Foto: Taufiequrachman Ruki, Indriyanto Seno Adji, Johan Budi Sapto Prabowo.
Profil Tiga 'Pendekar' Antikorupsi Pilihan Jokowi
Jakarta
Presiden Joko Widodo telah mengeluarkan Peraturan Pengganti Perundang-undangan (Perppu) pengangkatan tiga pimpinan sementara Komisi Pemberantasan Korupsi (KPK). Ketiganya menggantikan Abraham Samad dan Bambang Widjojanto yang dinonaktifkan akibat status tersangka.
Mereka adalah Mantan Ketua KPK pertama Taufiequrachman Ruki, Akademisi Universitas Indonesia Indriyanto Seno Adji, dan Deputi Pencegahan KPK Johan Budi Sapto Prabowo. Ketiganya dilantik pagi tadi, Jumat (20/2).
Tak semua mungkin mengenal seluruh dari tiga nama yang dipilih Jokowi.
Berikut, profil tiga orang yang bakal memperkuat lembaga antirasuah itu.
1. Taufiequrachman Ruki
Taufiequrachman diketahui sebagai seorang mantan polisi berpangkat Irjen Pol. Dia lahir di Rangkasbitung 18 Mei 1946. Lulusan sarjana hukum Universitas 17 Agustus 1945 itu lulus dari Akademi Kepolisian (Akpol) pada 1971.

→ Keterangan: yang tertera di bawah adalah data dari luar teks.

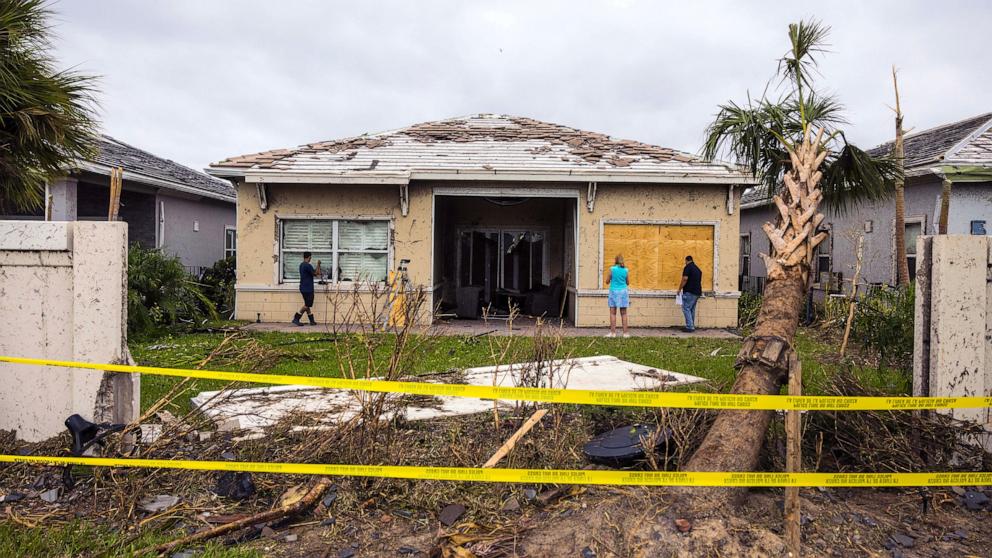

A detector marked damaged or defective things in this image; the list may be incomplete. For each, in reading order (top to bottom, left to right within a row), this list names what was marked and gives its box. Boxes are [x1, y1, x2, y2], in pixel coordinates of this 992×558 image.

Sebelum lulus dari Akpol, pada 1970 ia pernah menjadi Komandan Peleton Taruna Akpol. Dia juga sempat menjadi Kepala Kepolisian Sektor Kelari Polres Karawang pada 1974-1975. Yang kemudian menjabat sebagai Sekretaris Direktorat Lalu Lintas polda Jabar pada 1992.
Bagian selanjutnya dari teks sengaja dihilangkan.